**What is being asked:** Please set down exactly the lines from the one containing "2005 Toyota Sequoia" through the last line of the records below, both included, with no pictures.

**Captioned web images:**
━━━━━━━━━━━━━━━━━━━━
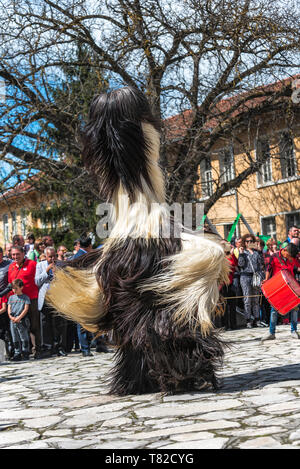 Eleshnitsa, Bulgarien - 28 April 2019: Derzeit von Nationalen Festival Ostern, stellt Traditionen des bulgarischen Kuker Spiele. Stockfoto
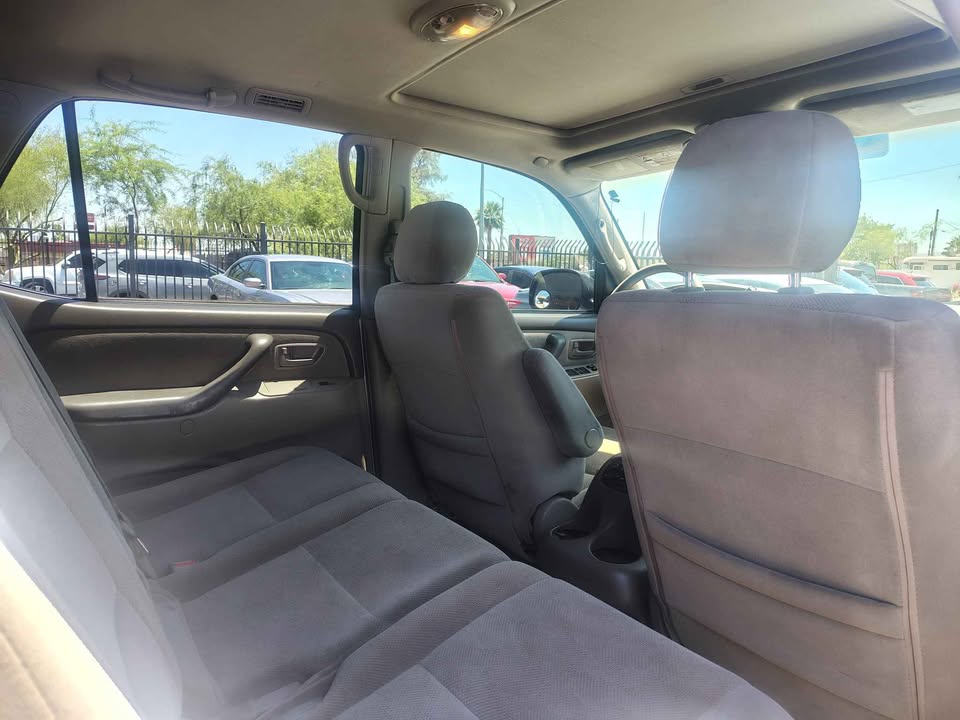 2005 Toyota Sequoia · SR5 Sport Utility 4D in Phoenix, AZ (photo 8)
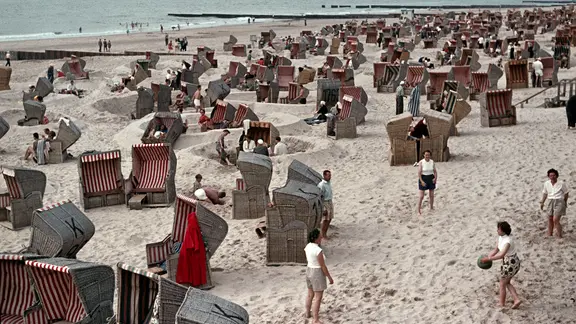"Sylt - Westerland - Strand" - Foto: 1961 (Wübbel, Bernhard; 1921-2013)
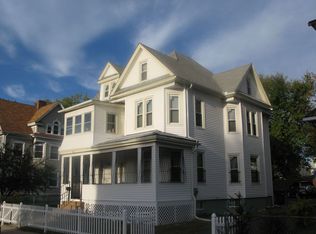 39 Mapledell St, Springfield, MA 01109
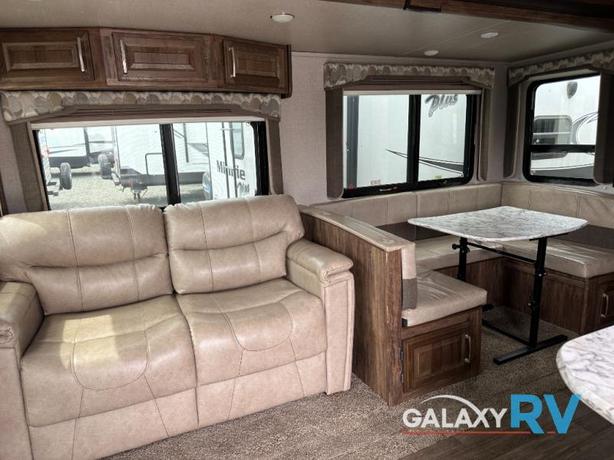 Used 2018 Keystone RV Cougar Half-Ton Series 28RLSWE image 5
━━━━━━━━━━━━━━━━━━━━
**Answer box:**
 2005 Toyota Sequoia · SR5 Sport Utility 4D in Phoenix, AZ (photo 8)
"Sylt - Westerland - Strand" - Foto: 1961 (Wübbel, Bernhard; 1921-2013)
 39 Mapledell St, Springfield, MA 01109
 Used 2018 Keystone RV Cougar Half-Ton Series 28RLSWE image 5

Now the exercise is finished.